The prolonged stay of the evacuees here has taxed resources. Military personnel tried to find enough space heaters to warm the tents as the cold weather approached. Unable to do that, they pushed tents together, with one heater for every two dwellings.

They have made other accommodations as well. They put Wi-Fi in the hangars, so evacuees could reach out to family back home, and trucked in rows of donated German biergarten tables and benches, along with kettles, so they could gather for tea. 

Military police patrol makeshift departure gates inside a hangar for evacuees from Afghanistan, bound for the U.S., at Ramstein Air Base in Germany on Sept. 1, 2021.
Markus Schreiber/AP

But drinking tea is something Afghans do with their families, and “though it’s a source of comfort,” Captain Ali says, “you take that familial piece away, and it’s a reminder of loss.”

Captain Ali’s journey to Ramstein was circuitous in its own way. He enlisted in the military at age 20 after dropping out of college, “not even knowing what the role of chaplain was.” 

He’d planned on serving for four years, but after the 9/11 attacks he decided to stay in. His friends knew he was Muslim and were asking him questions about his religion – answers that he didn’t have. “That piqued my interest in learning about my faith.”
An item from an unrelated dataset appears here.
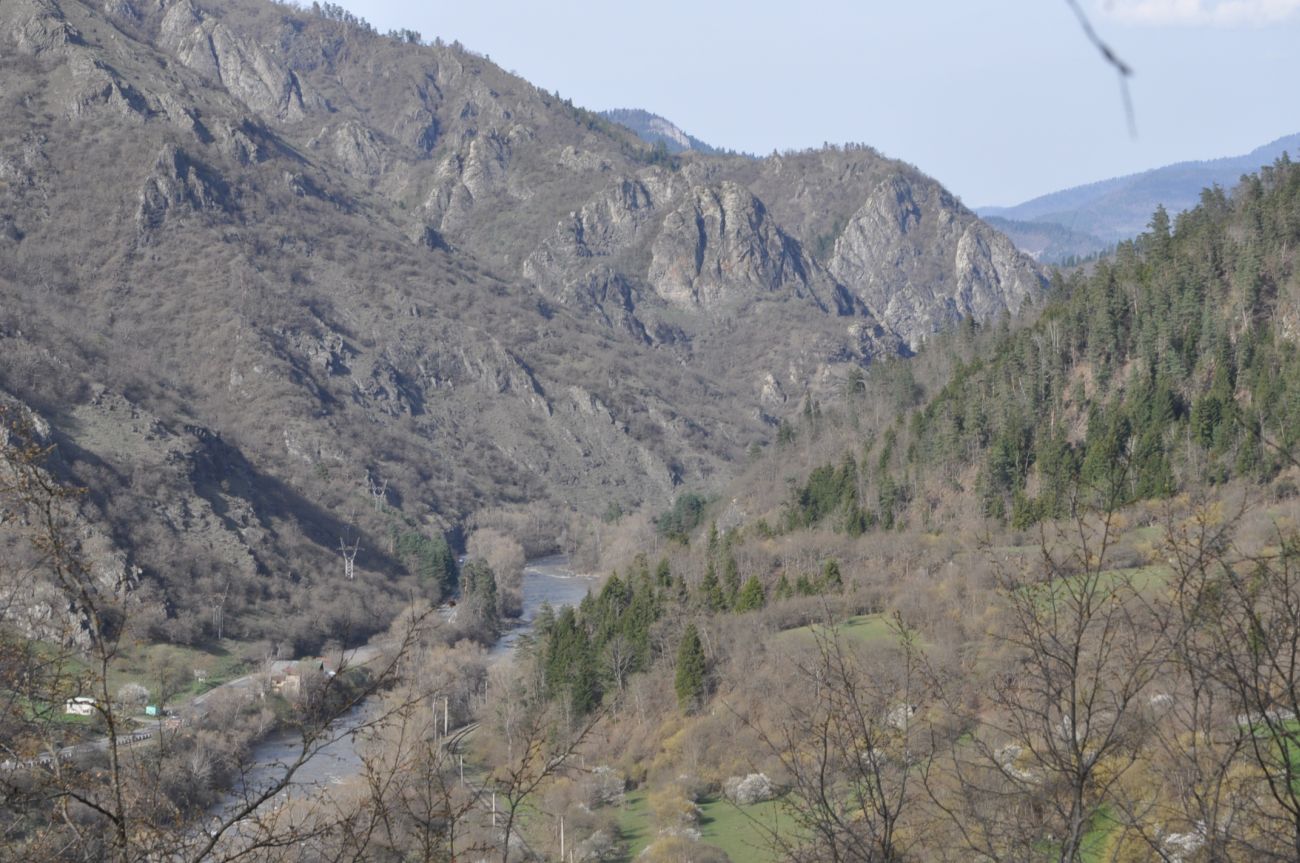 Урочище Гогичаант Геле, image of landscape/habitat.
He earned a Master of Divinity at the Claremont School of Theology, a United Methodist seminary in Southern California that had a partnership with an Islamic institute.

Today he is one of only five imams in the U.S. Air Force. Having arrived at Ramstein with his family in June, he now works out of a chapel on the base that serves as a Christian church, a Jewish temple, and an Islamic mosque as he counsels the Afghan refugees. 

Following the Friday service, Captain Ali says he is thankful he was sent to the base in time to work with the new arrivals.

He is able to counsel them that, however wrenching their journey might be, they are moving forward. “God tells us that with forward motion comes progress,” he says. “I try to help them understand that this is one step towards something better – something great.”